As a Korean teacher and lifelong language learner, I can testify firsthand that the pronunciation is one of the hardest parts of learning Korean. The distinct sounds, the double consonants and the countless exceptions to the standard pronunciation rules are enough to make your head spin.

When learning the language the best way to get the pronunciation right is to expose yourself to the language as often as possible. The more you listen to native speakers, the more familiar you become with the Korean sounds and the more natural your own Korean will sound.

I recently tried to teach my students the difference between the sounds 자, 차 and 짜 and was taken back to when I was often misunderstood for pronouncing these wrongly or being teased for mispronouncing the black noodle dish 짜장면. I have since then tried to say it to my phone and have it transcribe it and I’ve now reached an all-time high success rate of 40%. The rest of the time it still hears (probably because I’m saying it wrong as) 자장면. Not. The. Same.
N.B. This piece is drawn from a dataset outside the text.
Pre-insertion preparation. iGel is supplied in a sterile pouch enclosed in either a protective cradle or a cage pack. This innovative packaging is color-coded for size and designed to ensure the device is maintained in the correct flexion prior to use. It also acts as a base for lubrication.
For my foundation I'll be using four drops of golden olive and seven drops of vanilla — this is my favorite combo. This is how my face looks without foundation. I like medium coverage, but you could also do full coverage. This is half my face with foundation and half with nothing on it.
Sound!

In my search for tips on how to nail these nasty double consonant sounds I consulted the almighty oracle – Google. It led me to a video by TTMIK’s Hyunwoo which opened my eyes ears to the notion that it’s the pitch that truly determines if you’re pronouncing the double consonants correctly.

자 is the basic sound and has the lowest pitch. 차 is more aspirated with a slightly higher pitch and finally, 짜 is a much sharper sound with a significantly higher pitch. Hyunwoo suggested raising the pitch sound if you’re frequently failing to pronounce the sharper sounding doubles. I immediately tried it on my phone and I’m happy to report that it WORKS. Well, sort of. See for yourself below:

As you can see, it still refuses to accept my pronunciation of 짜장면, which is a dish I’ll have to order daily next time I’m in Korea, just to practice.
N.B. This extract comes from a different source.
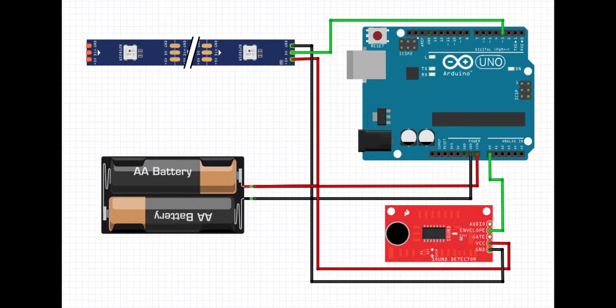Now moving on, you can see the wiring setup for this project on your screen. The signal pin of the addressable LED strip goes to digital pin 3 of the Arduino board, and the envelope pin of the sound detector module goes to analog pin 0 of the Arduino board.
If you’re interested in checking out the video for yourself, I’ve included it here:

Watch Hyunwoo break down the confusing sounds in an easy-to-understand manner.

We Korean learners aren’t the only ones who suffer. This hilarious clip from the musical Airport Baby, shows the American Korean adoptee Josh Cohen arriving in Korea to teach English while searching for his birth mother. He also seems to struggle with the double Korean consonants. If you watch the clip through, you’ll also get to enjoy the heartwarming performance of actor Kang Yoon-seok as the drag queen Delia from Itaewon’s gay district. When Kang is not on stage you can usually find him in Myeongdong. He is the owner of the cute antique coffee shop Cafe Hanyakbang in which happens to be my favorite cafe in all of Seoul.

If you’re interested in seeing the musical Airport Baby, Arirang Korea recently aired a one-hour segment featuring hightlights from the 2020/2021 show with English subtitles. It’s sure to make you both laugh and cry.